When choosing connectors, battery terminals, wire reducers, fuse holders and distribution blocks it is vital to pay attention to the material they are made from. Most commonly found cost effective of the parts listed above will be made from brass, stainless steel, nickel and aluminum as to assure they endure the elements. Where higher end connectors will be made of copper. This is obviously due to the fact that copper is a much more efficient conductor than the other materials listed.
Some of these connectors and terminals will be constructed of one material and plated with a more efficient and less corrosive material, such as brass plated in gold. Make sure to read the descriptions of the parts, and try not to identify the material just by their images. For the best current flow use the most conductive material. The chart below shows the overall conductivity of the materials mentioned for connectors.
The chart to the left shows the conductivity of different materials. To the right this depicts the sizes necessary to conduct an equilient amount of electric for each material.
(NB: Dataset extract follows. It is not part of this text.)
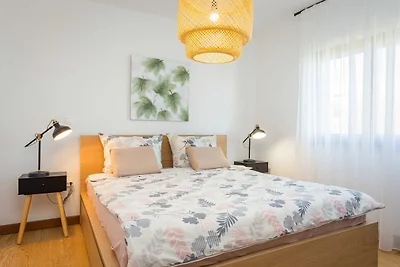 Modern Apt, Shared Pool, Balcony - Cesare 3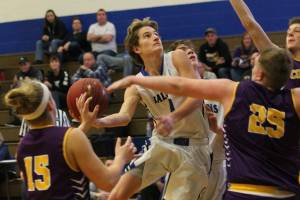 South Whidbey wins 2; Washington wins 100 / Boys basketball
When it comes to reducing wire size from a power source to the load (i.e. alternator to battery, or battery to amplifier) distribution blocks are recommended. It is never recommended to use smaller wire to distribute to power sources that require larger gauge wire than what is coming into the distribution block. We will discuss much more on wire connections and how to properly perform these installations in a future blog on basic wiring techniques. So make sure you follow along!
A small fuse block showing a 4 Gauge to dual 8 Gauge wire split between two amplifiers.
Touching On Grounds
Using single point grounds, or source grounds, in the installation is the best way to alleviate any problems associated with ground paths. This can also make troubleshooting easier because the issue will arise within the entire audio system at once through the similar ground, or not. When finding a good ground point it is recommended that you avoid sharing the audio systems ground points with any factory electrical ground points. This will reduce the chances of unnecessary “clicks” and “pops” in the system.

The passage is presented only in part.